Figure 4.a, Figure 4.b, and Figure 4.c

1. Reinsert the wells.
2. Fill excess space of the solid well with bentonite clay.
3. Fill excess space of the slotted well with sand (the sand allows for easy flow of water from the soil medium through the pipe, Fig. 5)

Figure 5

4. Use soil extracted from digging to form a slight mound around the well to counter settling and avoid flow of excess surface water into the well (Fig. 6)
5. Place one cap lightly on each well to prevent rainwater and debris from entering the well.

Figure 6

1. Take caps off the wells
2. Have person 1 hold the stadia rod on top of the uncapped slotted well (Fig. 7.a). Person 2 can read the elevation through the transit.
3. Have person 1 measure the distance from the top of the well to ground surface. Subtract the distance from the transit reading to obtain the elevation of the ground surface. Do the same for the solid well.

Figure 7.a and Figure 7.b

The monitoring schedule depends on how fine you want your hydrograph to be. Water depths can be measured daily to monthly. Regardless, water depths should be measured throughout the different hydrologic seasons (wet through dry) in order to plot an accurate hydrologic graph.

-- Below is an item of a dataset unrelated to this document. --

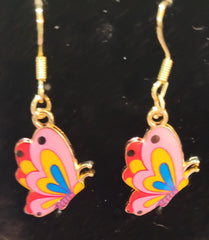 Multicolor Butterfly Enamel Drop Earrings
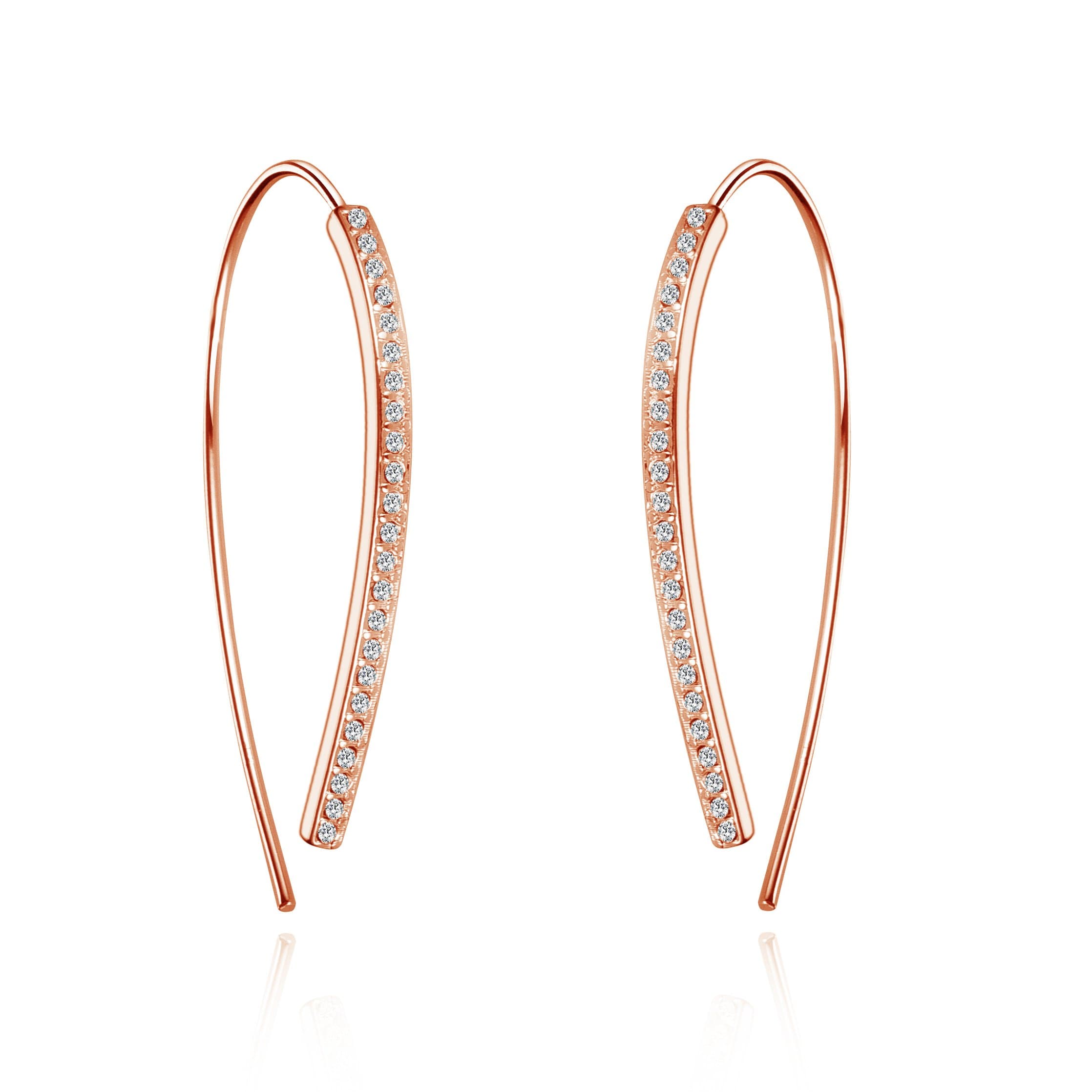 Rose Gold Plated Thread Earrings Created with Zircondia® Crystals by Philip Jones Jewellery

1. Take the caps off of each well.
2. Using the carpenter’s ruler, measure the distance from the top of the well to the water. (An easy ways to tell when you’ve reached the water is by watching for the reflection of daylight, or a flashlight, to ripple as the ruler touches the water, Fig 8.a).
3. Subtract the distance of the top of the well to ground surface (recorded in step V.E.3) from this distance. This value gives you the distance of the water level to ground surface (Fig 8.b).

Figure 8.a and Figure 8.b

There are many ways to analyze your data. One of the main purposes of installing monitoring wells is to produce a hydrograph. You can do this by hand, or by computer. A simple graph can be set up by labeling "Depth to Water" (calculated in VI.A.3) as the y-axis and your time intervals on your x-axis. Plotting data for both slotted and solid wells on the same graph makes it easy to compare.